Rijvers made his debut at NAC Breda and also played for AS Saint-Étienne, Stade Français and Feijenoord. He was a member of the Netherlands team at the 1948 Summer Olympic Games.

In 1950 Rijvers became one of the first Dutch players to turn professional with his transfer to AS Saint-Étienne. The KNVB suspended him from playing in the national team in response because at the time they didn't allow professional players to play in the national team and it wasn't until 1957 he would play in the national team again.

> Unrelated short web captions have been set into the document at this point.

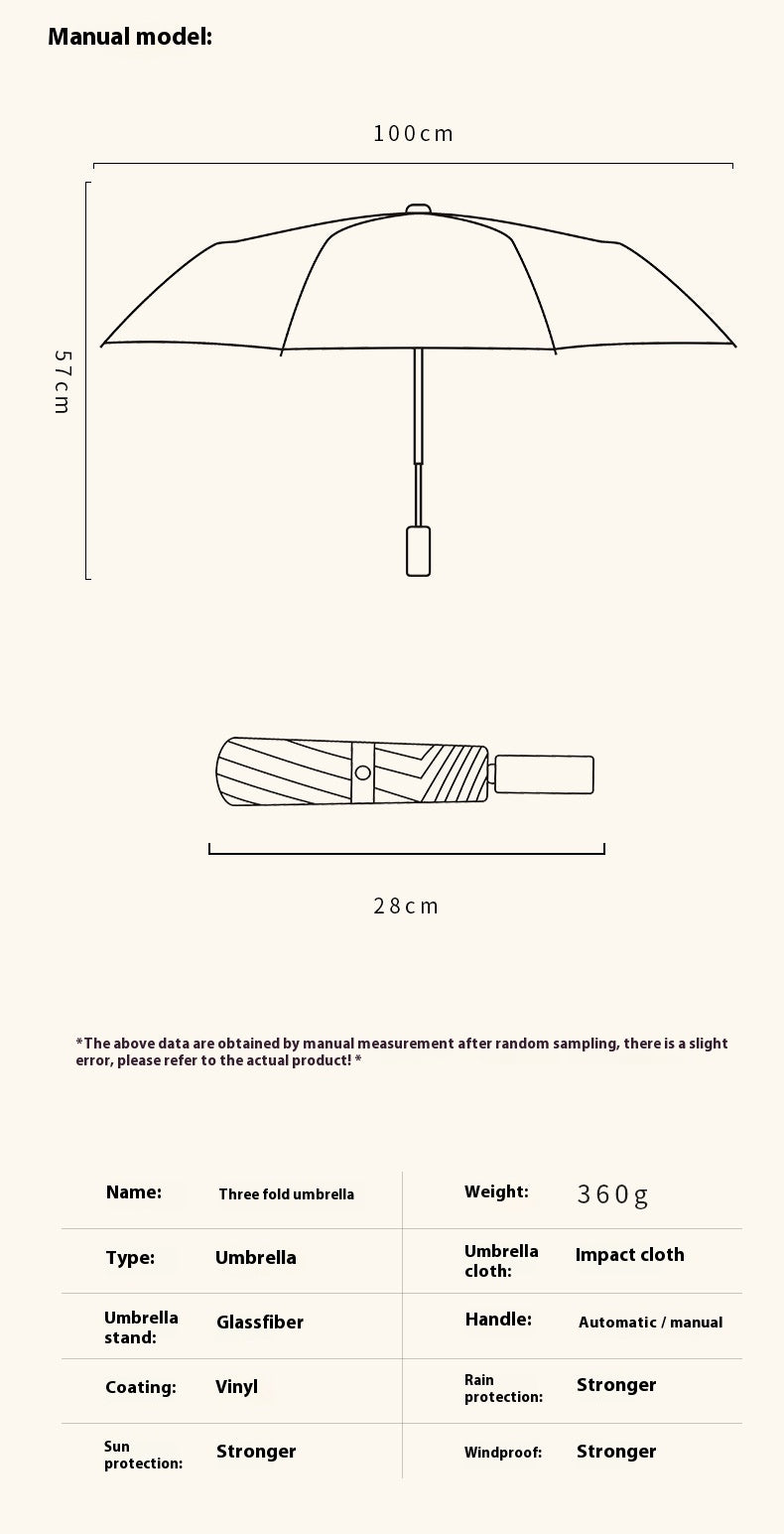 Cartoon Black And White Cat Dual-use Folding Sun Umbrella Sunshade UV Protection - Bellarte Enchanté Cartoon Black And White Cat Dual-use Folding Sun Umbrella Sunshade UV Protection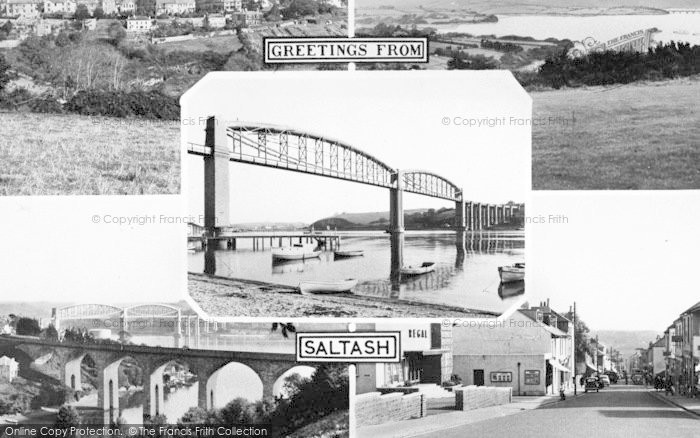 Photo of Saltash, Composite c.1955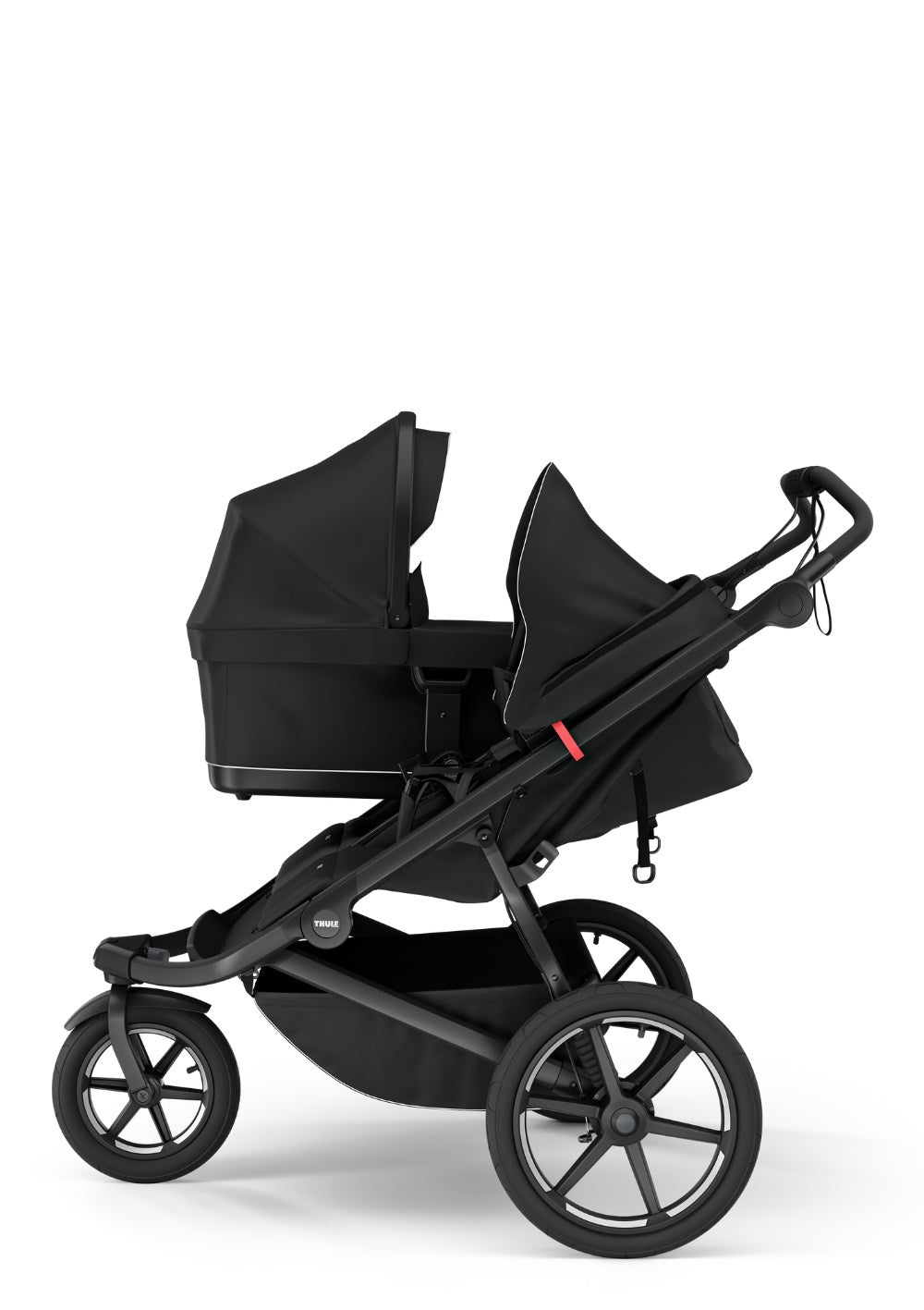 Thule Urban Glide 3 Double Kinderwagen-Set mit Babywanne Black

With Faas Wilkes and Abe Lenstra, Rijvers formed the renowned Gouden Binnentrio (The Golden Inner Three) of the Dutch national team between the late 1940s and 1950s; though the three only played together in ten matches, they scored 23 goals.

Together with other Dutch professional players from foreign leagues, Rijvers was one of the players to play the Watersnoodwedstrijd on 12 March 1953, a match played in the Parc des Princes stadium in Paris to raise money for the victims of the North Sea flood of 1953. While the KNVB, which still did not want to be connected to the professional players in any way, forbade the match, it went ahead after a personal intervention from Prince Bernhard.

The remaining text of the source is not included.